Everything else being equal, products that are not recommended would be less visible to consumers. Considering there is a gap between gains for recommended products and potential losses for non-recommended items, Shi and Santanam zeroed in on evaluating the equilibrium market outcomes, and those included trade-offs that come from a platform recommending specific products.

That boiled down to answering three questions. How do platform recommendations impact equilibrium consumer surplus and producer profits? What type of products should the platform pick for recommendation under different objectives? Are frequently used recommendation strategies based on price and sales optimal in terms of platform-level outcomes?

That required the research team to examine consumers’ responses when they have incomplete product information.
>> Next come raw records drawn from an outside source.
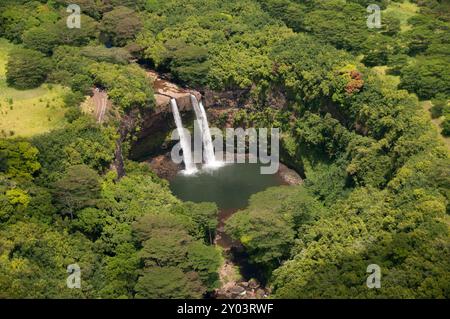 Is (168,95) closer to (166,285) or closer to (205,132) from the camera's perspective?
(205,132)

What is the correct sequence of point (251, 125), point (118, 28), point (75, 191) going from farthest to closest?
point (118, 28) < point (251, 125) < point (75, 191)

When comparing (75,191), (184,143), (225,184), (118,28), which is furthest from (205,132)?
(75,191)

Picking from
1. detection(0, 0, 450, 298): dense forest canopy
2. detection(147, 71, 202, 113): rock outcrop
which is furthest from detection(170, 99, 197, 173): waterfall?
detection(0, 0, 450, 298): dense forest canopy

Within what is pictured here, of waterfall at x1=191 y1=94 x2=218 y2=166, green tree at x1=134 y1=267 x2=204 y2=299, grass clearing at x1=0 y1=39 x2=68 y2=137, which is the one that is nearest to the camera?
green tree at x1=134 y1=267 x2=204 y2=299

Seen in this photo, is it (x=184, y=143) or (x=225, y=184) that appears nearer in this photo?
(x=225, y=184)

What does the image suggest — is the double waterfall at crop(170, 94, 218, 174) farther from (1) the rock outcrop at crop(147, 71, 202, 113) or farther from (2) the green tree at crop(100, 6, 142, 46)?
(2) the green tree at crop(100, 6, 142, 46)

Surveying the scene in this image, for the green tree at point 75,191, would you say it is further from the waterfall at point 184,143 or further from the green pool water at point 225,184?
the waterfall at point 184,143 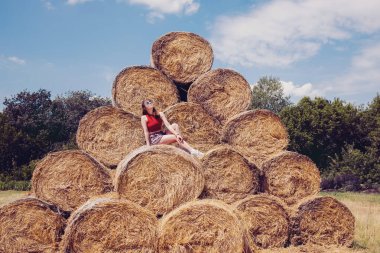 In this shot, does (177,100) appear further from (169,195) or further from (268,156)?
(169,195)

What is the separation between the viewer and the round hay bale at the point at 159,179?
6.01m

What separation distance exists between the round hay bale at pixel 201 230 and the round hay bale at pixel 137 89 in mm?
3068

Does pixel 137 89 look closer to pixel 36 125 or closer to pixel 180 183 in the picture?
pixel 180 183

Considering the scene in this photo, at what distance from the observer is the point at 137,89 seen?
828 centimetres

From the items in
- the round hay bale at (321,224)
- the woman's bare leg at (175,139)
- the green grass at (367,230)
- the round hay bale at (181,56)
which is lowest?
the green grass at (367,230)

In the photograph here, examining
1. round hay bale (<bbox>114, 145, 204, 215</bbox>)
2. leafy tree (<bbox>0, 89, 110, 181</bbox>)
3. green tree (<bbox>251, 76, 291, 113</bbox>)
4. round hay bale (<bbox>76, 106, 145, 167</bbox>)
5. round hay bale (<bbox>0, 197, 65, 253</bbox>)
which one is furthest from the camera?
green tree (<bbox>251, 76, 291, 113</bbox>)

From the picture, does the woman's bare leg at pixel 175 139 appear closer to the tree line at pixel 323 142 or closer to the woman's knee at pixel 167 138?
Result: the woman's knee at pixel 167 138

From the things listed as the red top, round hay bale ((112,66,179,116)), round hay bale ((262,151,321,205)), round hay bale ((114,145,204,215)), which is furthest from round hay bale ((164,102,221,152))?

As consumers look at product utility and price while sampling products, there is going to be a stopping point.

The problems with bestseller lists

Shi and Santanam examined situations where products vary in quality and/or taste match. By starting with a scenario where consumers sample products in a random order, the researchers were then able to change the consumer search by putting the recommended products at the top of the search list. That comparison illustrated a theoretically optimal recommendation strategy for a platform. “Due to the nature of the model, the conclusions are technical,” Shi notes. In general, we found the platform’s strategy depends on how its interest is aligned with consumer surplus and product profits.”
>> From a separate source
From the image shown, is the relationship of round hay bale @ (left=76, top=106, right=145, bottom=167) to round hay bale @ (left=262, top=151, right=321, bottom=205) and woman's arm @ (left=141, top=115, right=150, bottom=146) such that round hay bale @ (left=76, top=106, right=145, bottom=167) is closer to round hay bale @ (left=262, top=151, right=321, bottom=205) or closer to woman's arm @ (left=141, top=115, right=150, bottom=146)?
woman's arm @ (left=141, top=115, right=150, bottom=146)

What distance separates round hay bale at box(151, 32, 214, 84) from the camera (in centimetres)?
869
A handful of variations often combine to affect product recommendations. “We found the quality and taste-dispersion dimensions can interact to affect the overall effectiveness of product recommendation strategies,” Shi says. “Conditioning on taste dispersion, recommending high-quality products increases both producer profits and consumer surplus. Conditioning on quality — recommending high-taste dispersion products — may increase or decrease producer profits depending on the joint effect of profit margin and purchase probability.”

Shi and Santanam also address several practical implications beyond the immediate scope of product selection for recommendation. Their result regarding sales-based recommendations complements existing knowledge about market effects of platform — published sales rankings, such as bestseller lists. Existing research and literature have illustrated that bestseller lists not only reflect consumers’ buying histories, they also often directly influence consumer behavior. A bestseller list in a crowded field can lead to the bestseller list being used as a product-discovery method.
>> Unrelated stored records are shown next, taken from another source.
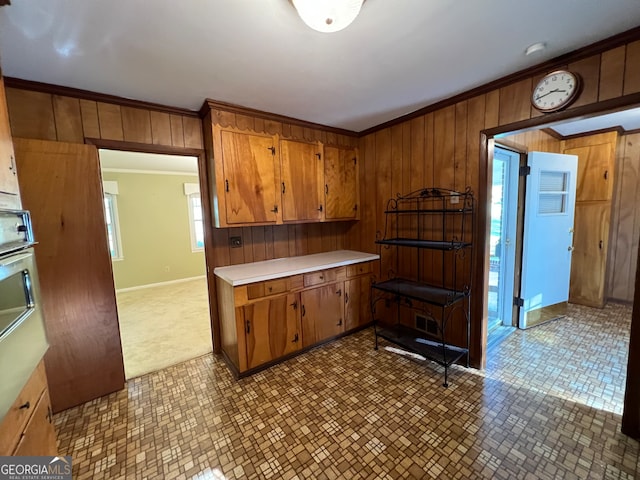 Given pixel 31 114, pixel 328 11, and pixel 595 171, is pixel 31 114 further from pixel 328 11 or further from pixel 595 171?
pixel 595 171

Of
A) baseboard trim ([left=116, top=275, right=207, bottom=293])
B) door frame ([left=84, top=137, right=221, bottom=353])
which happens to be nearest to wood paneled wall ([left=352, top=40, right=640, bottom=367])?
door frame ([left=84, top=137, right=221, bottom=353])

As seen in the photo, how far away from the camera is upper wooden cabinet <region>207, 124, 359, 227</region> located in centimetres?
230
The resulting environment favors already-successful products, which tends to stifle product variety. It leads to a ‘rich get richer’ field for sellers. “To the extent bestseller lists are used by consumers as a product discovery channel, we conceptualize their role is essentially to promote the best-selling products in the consumer search sequence,” Shi says. “In this sense, bestseller lists can be seen as sales-based recommendations within our framework. Our finding shows that, in addition to having drawbacks for product variety and equality, the effects of bestseller lists can be suboptimal, even in terms of pure market efficiency.”

What’s next for product recommendation research?

Given these conclusions, Shi and Santanam highlighted a handful of ways they can build upon this current research. Platform recommendations could be incorporated as part of the market outcome rather than as an intervention. Considering that Shi and Santanam have evaluated only creators who are producing and selling their products, a longer-term effort could include examining how platform recommendations will influence creators’ decisions on variables such as entry, investment, and innovation.

“The project prompts me to start thinking about the broader question of how the platform should provide information to market participants to optimize market outcome,” Shi concludes. “Highlighting recommended products is one specific form of providing information. I hope to generalize the modeling framework to encompass more practices and for us to be able to analyze the impact and provide some unified understanding.”